Conditions in corporate credit just keep getting better and better. Spreads have tightened to more normal levels, and the absolute yield on investment grade and high yield corporate debt is just about as low as it’s been in 40 years. Not surprisingly, a record amount of junk bonds were issued in March as companies took advantage of the increased risk appetite of investors. “Covenant lite” features like payment-in-kind toggles, which allow companies to make their interest payments with more bonds instead of cash, are even reportedly making a comeback (WSJ subscription required). For companies large enough to have access to the corporate bond market, this loosening of credit has helped them repair overleveraged balance sheets and refinance more expensive debt. However, not all businesses have access to this market. In fact, most don’t. This morning’s National Federation of Independent Business (NFIB) Small Business Optimism Index sheds a little light on the availability of credit to the kinds of businesses that employ nearly half of all workers in the US, according to ADP: companies with fewer than 50 employees.
The NFIB survey, which polls companies on topics like revenues, labor costs, inventories, and employment, fell to 86.8 in March from 88.0 in the previous month. There are many underlying trends in the survey that are interesting, but those related to credit availability stood out the most. For instance, the number of companies reporting that credit was harder to get than last month reversed previous improvements and reverted to previous highs.
Also, the net percentage of companies expecting credit conditions to get easier in the next 6 months fell back to previous lows.
This doesn’t look like a picture of improving credit.
Big companies may have access to capital markets made up of eager lenders with looser standards (i.e.,the corporate bond market), but small businesses are still dependant on the banking sector. And the lending conditions in the banking sector seem to be somewhat tighter than the bond market. Instead of matching the record issuance volumes of the high yield market in March, commercial and industrial loans and leases on bank balance sheets continued to fall, to the tune of $11.4 billion during the month.
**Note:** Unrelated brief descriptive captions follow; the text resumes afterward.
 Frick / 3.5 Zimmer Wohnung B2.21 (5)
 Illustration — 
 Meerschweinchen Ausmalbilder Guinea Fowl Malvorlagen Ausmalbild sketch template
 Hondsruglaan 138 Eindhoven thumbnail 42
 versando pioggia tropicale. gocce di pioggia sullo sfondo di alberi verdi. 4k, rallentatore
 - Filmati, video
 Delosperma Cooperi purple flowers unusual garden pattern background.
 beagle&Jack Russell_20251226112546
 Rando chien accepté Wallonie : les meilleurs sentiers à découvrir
““Covenant lite” features like payment-in-kind toggles, which allow companies to make their interest payments with more bonds instead of cash, are even reportedly making a comeback (WSJ…”
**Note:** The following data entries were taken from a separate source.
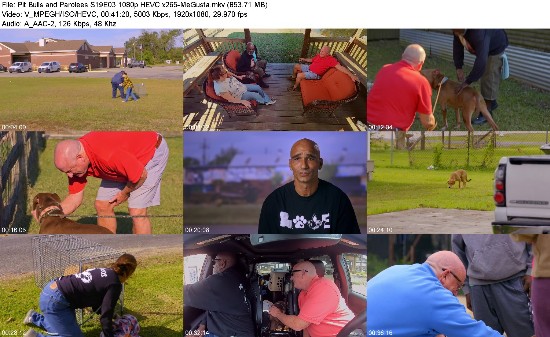 316996079_pit-bulls-and-parolees-s19e03-1080p-hevc-x265-megusta.jpg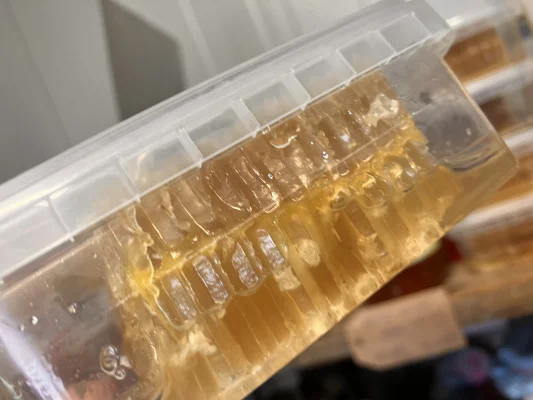 Productfoto Zomer en acacia honing vd raat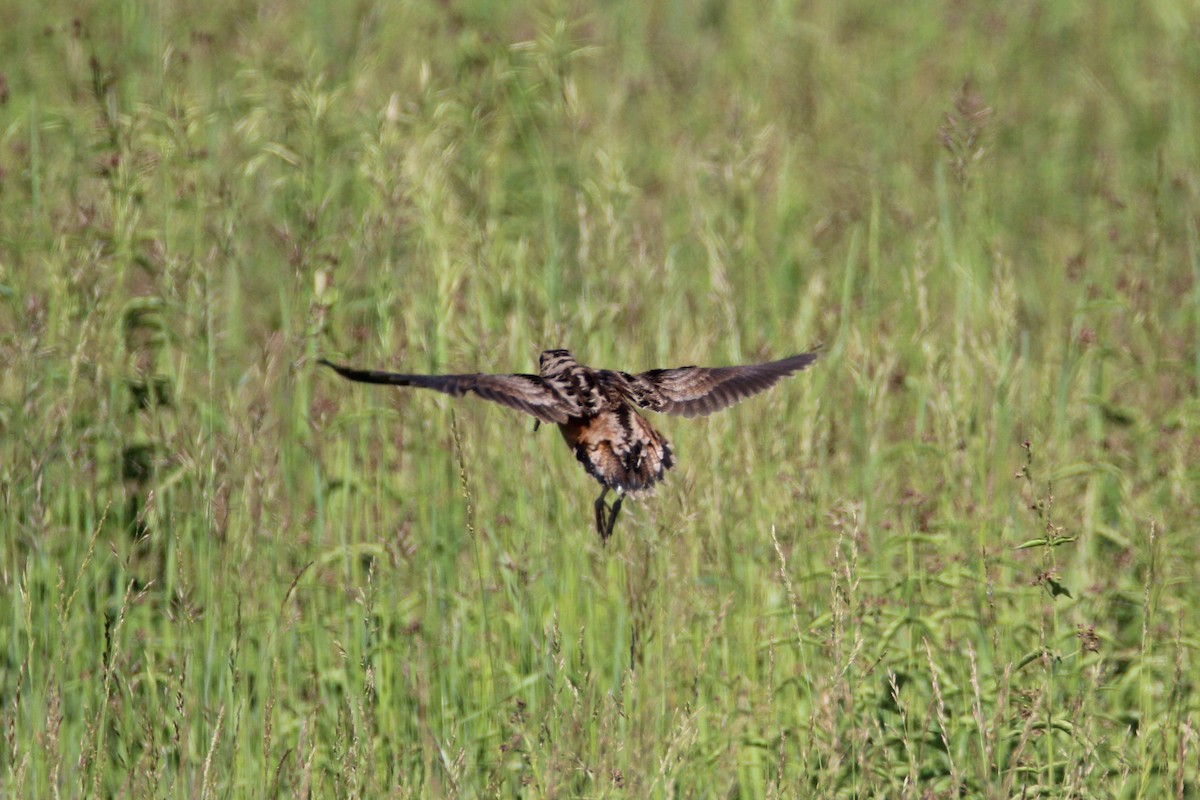 American Woodcock - Patrick Sysiong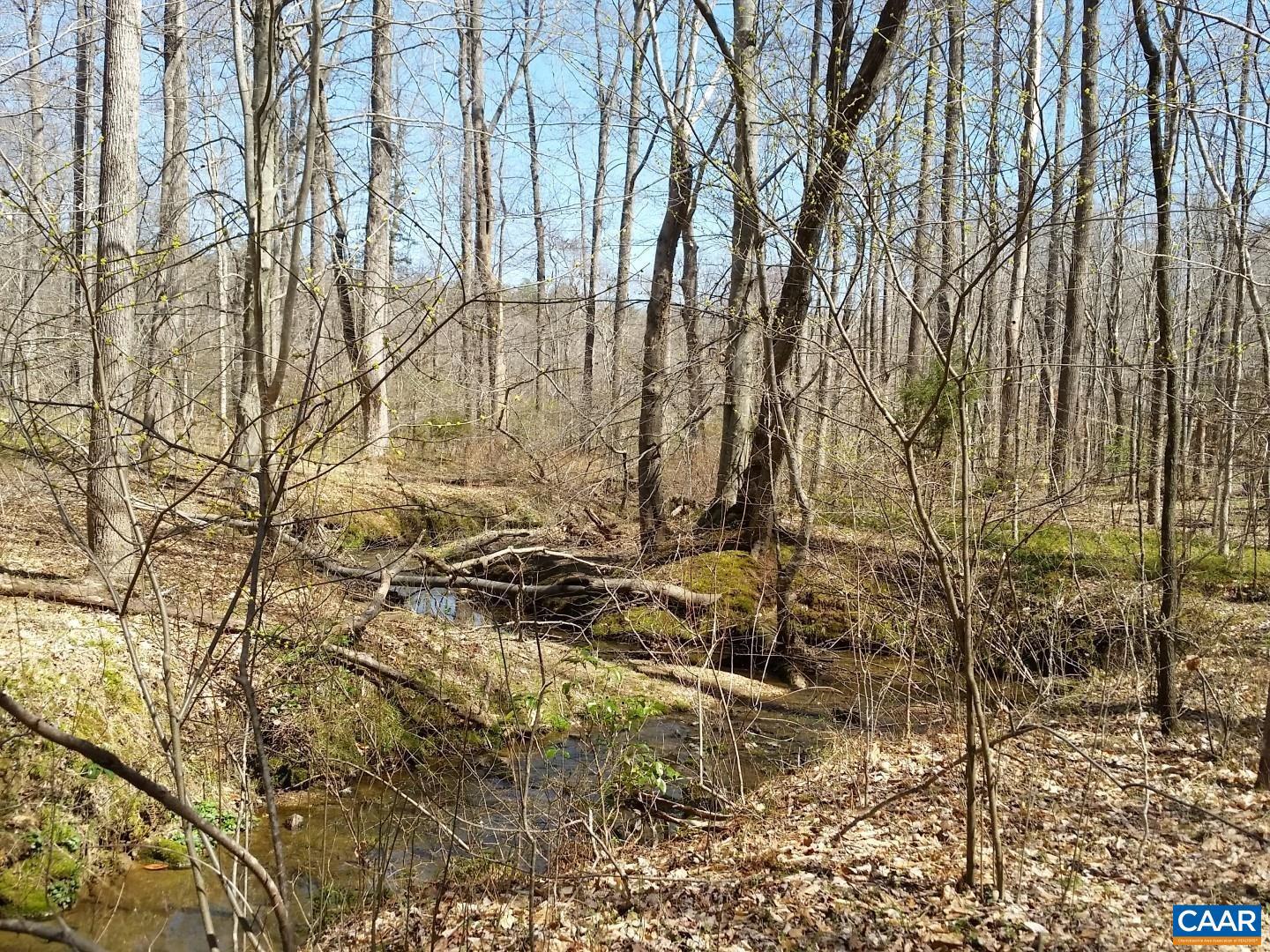 2647 PENNY LN, CHARLOTTESVILLE, Virginia 22901, ,Land,For Sale,2647 PENNY LN,670689 MLS # 670689 2647 PENNY LN, CHARLOTTESVILLE, Virginia 22901, ,Land,For Sale,2647 PENNY LN,670689 MLS # 670689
tpc, this was a real sloppy commentary by annaly. after reading the wsj article cited and linked to, it is clear annaly doesn’t know what it is talking about.
there is a huge difference among so-called covenant lite provisions between removing financial covenants from a junk bond that piggy backs onto a credit facility and having junk interest pay in kind toggles.
the junk bond holder can forgo financial performance tests because they are in the credit facility, and the junk cross defaults to the credit facility, so the financial covenants are in the junk indirectly. if the issuer pays off the credit facility, it wants to have covenant free junk debt outstanding, and the junk holder says if you can pay off the credit facility, then be my guest.
pay in kind toggles allow an issuer to skip an interest payment and incur negative amortization; this is a huge risk that is nowhere mentioned in the wsj article as making a comeback.
this is a big deal for me, as the reason i got out of the market late 2005 was that i started working on some of these high yield deals with payment toggles, and it was clear they made no sense for anyone but the issuer; things have gotten way too frothy.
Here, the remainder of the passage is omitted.